Reputation: 15769
When trying to load a current Wikidata dump as documented in Get Your Own Copy of WikiData by following the procedure describe in https://muncca.com/2019/02/14/wikidata-import-in-apache-jena/ i am running into some performance problems and limits of Apache Jenas tdbloader commands.
There seem to be two versions of it:
The name tdbloader2 for the TDB1 tdbloader is confusing and led to its usage as a first attempt.
The experience with TDB1/tdbloader2 was that the loading went quite well for the first few billion triples.
The speed was 150 k triples/second initially. It then fell to some 100k triples/second at around 9 billion triples. At 10 billion triples the speed dropped to 15000 triples/second at around 10 billion triples and stayed around 5000 triples/second when moving towards 11 billion triples.

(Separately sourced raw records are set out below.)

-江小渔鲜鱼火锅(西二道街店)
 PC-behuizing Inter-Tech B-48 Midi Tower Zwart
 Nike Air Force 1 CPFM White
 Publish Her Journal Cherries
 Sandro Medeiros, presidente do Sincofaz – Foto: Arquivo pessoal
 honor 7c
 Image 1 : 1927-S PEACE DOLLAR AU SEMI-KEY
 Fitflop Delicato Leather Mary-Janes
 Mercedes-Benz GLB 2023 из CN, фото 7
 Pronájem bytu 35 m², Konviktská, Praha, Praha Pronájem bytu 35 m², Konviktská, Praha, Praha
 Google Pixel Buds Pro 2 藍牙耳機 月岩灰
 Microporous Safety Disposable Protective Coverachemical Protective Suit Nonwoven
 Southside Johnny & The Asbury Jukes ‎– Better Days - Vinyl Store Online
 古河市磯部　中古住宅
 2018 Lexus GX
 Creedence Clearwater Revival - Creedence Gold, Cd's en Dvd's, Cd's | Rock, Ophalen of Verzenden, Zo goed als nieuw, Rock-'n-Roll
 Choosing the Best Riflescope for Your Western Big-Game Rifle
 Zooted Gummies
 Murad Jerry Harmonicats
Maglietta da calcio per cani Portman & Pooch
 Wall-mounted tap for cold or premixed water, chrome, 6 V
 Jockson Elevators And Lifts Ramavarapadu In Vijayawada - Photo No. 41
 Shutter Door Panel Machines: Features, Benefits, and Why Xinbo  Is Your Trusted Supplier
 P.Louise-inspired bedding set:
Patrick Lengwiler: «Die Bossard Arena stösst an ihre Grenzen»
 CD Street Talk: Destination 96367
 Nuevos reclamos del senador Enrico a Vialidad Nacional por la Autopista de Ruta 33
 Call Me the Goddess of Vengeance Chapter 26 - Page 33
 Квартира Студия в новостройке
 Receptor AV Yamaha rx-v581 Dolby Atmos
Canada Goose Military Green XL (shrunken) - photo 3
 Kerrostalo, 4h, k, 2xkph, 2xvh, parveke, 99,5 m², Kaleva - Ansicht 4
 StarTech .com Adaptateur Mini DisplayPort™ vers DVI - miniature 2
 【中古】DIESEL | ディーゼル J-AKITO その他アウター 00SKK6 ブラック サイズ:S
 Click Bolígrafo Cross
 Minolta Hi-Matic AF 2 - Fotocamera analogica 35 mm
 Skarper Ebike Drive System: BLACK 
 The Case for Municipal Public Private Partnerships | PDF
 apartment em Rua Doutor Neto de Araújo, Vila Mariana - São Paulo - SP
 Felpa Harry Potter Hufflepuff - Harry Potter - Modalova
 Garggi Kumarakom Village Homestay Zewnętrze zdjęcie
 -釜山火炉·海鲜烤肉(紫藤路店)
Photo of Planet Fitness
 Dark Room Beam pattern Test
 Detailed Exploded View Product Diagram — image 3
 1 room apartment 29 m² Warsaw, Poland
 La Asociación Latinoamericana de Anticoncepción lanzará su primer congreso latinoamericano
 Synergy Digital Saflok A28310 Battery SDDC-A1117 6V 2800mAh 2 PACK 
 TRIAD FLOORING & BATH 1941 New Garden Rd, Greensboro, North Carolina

I had expected the import to have finished by then so currently i am even doubting that the progress is counting triples but instead lines of turtle input which might not be the same since the input has some 15 billion lines but only some 11 billion triples are expected.
Since the import already ran for 3.5 days at this point i had to make a decision whether to abort it and look for better import options or simply wait for a while.
So i placed this question on stackoverflow. Based on AndyS's hint that there are two versions of tdbloader i aborted the TDB1 import after some 4.5 days and over 11 billion triples having been reported to be imported in the phase "data". The performance was down to 2.3 k triples/second at that point.
With the modified script using tdb2.tdbloader the import has been running again for multiple attempts as documented in the wiki. Two import tdb2.tdbloader attempts already failed with crashing Java VMs so I changed the hardware from my MacPro to the old linux box again (which is unfortunately slower) and later back again.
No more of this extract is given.